EXERCISE DESCRIPTION - Set down precisely the lines from the line with "Após FIV, mulher" through the end of the material, inclusive, and no pictures.

COLLECTED DATA -

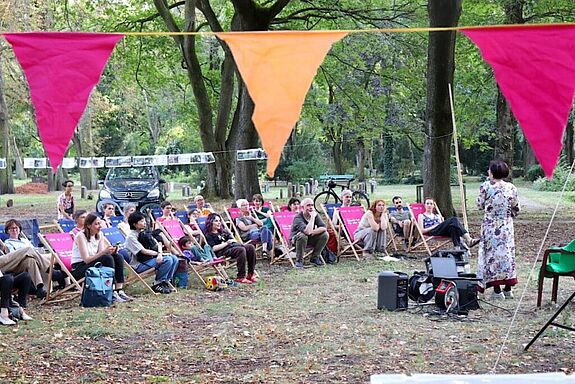 Im bunten Ambiente des ElisaBeet tauschten sich die Anwesenden bei der Einweihungsfeier der neuen Jurte aus. (Bild: Anddrei Schnell)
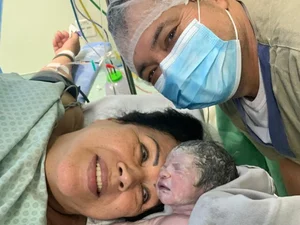 Após FIV, mulher de 62 anos dá à luz 6º filho; médica explica técnica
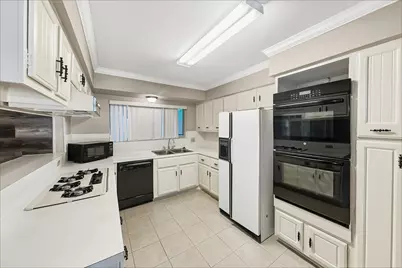 3815 Thonig Road, Houston, TX 77092 - Photo 8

YOUR RESPONSE -
 Após FIV, mulher de 62 anos dá à luz 6º filho; médica explica técnica
 3815 Thonig Road, Houston, TX 77092 - Photo 8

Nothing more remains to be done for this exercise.